Congress' first priority: Fix Congress (Lawrence Lessig)

Mr. Lessig is a professor at Harvard Law School.

New House is scheduled to take up “the most important civil rights bill in half a century,” based on “a profoundly comprehensive understanding of the flaws that have evolved within our democracy.” No one outside the beltway seems to know about H.R. 1, which has been crafted primarily by Rep. John Sarbanes (D-MD), but this bill reflects a recognition that the aforesaid “flaws must be fixed” before Congress will be “free to do the other critically important work that Congress must do.”

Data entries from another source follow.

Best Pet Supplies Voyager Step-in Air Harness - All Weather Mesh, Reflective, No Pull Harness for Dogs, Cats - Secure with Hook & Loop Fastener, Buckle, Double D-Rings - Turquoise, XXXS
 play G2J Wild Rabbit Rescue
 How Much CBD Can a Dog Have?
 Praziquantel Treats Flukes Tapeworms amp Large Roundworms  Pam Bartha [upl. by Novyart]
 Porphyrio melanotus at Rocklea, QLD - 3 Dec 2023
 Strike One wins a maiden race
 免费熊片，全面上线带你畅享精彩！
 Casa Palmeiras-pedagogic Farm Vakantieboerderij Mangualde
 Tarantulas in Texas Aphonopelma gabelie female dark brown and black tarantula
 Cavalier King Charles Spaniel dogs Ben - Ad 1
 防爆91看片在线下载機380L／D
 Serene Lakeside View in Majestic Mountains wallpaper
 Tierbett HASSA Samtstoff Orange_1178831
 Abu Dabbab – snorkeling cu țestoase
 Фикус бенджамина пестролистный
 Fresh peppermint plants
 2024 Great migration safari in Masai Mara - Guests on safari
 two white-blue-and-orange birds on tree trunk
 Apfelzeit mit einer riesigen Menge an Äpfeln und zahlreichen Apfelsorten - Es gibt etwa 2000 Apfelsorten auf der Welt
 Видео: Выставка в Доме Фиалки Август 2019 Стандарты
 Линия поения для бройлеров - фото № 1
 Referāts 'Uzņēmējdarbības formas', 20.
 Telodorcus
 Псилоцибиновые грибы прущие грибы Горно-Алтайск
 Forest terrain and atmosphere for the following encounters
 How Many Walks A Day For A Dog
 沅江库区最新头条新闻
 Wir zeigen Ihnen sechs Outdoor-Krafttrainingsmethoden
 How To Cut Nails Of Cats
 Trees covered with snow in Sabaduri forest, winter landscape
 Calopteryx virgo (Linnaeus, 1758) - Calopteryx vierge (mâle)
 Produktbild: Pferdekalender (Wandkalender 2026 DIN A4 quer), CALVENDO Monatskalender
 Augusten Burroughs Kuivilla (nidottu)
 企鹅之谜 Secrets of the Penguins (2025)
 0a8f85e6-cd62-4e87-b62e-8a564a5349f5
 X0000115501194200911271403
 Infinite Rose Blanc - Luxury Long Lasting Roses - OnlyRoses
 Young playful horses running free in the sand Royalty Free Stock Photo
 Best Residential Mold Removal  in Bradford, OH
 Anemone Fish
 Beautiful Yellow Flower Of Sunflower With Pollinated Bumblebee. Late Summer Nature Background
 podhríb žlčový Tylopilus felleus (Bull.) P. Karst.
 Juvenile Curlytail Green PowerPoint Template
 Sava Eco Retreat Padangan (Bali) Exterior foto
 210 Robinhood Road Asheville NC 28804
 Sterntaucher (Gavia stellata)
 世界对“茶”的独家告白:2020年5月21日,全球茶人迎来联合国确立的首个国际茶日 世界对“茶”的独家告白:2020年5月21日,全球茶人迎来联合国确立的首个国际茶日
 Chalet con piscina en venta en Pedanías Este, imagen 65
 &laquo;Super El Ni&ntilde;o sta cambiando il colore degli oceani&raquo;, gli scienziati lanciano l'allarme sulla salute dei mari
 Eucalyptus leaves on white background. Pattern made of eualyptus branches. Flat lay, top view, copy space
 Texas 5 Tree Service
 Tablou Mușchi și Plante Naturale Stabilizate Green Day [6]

•Establish a system to fund congressional campaigns through small-dollar matching funds.
See Professor Lessig’s book Republic Lost, and our comments thereon, 2011.

•Force states to end partisan gerrymandering by adopting nonpartisan redistricting commissions – “an obviously better solution than anything the Supreme Court could ever craft.”
States should decide these questions so long as gerrymandering is not being used to discriminate based on race, religious affiliation, etc.

•”Trigger the automatic registration of voters nationally,” restore the Voting Rights Act (that the S. Ct. held had served its purpose), and encourage early voting and modernization of voting technology for the purpose of assuring “an equal freedom to vote.”
High voter turnout is not a panacea, and early voting undermines integrity of the voting process. US electoral system is faltering, 12/10/18.

•Slow the revolving door between Congress and the private sector and strengthen conflict of interest rules, to keep legislators focused on representing their constituents versus being distracted by self-interest.
Maybe, see details.

•But alas, leave untouched, at least for now, “the fundamental distortion produced by the winner-take-all system for allocating electors in the electoral college.”
Compare Electoral College serves valid purposes, 11/14/16.

Most likely, HR 1 will not become law – not while anti-reformer Mitch McConnell leads the Senate. And in any case, fundamental reform needs a president who has made a credible commitment to enact reform and an election that shows America agrees. Clearly, President Trump doesn’t fill that bill, and Democratic leaders (mentioning former President Obama & Bernie Sanders by name) haven’t set much of an example either.

Wanted: candidates “who make reform fundamental and believable, by making fixing this democracy their first priority.”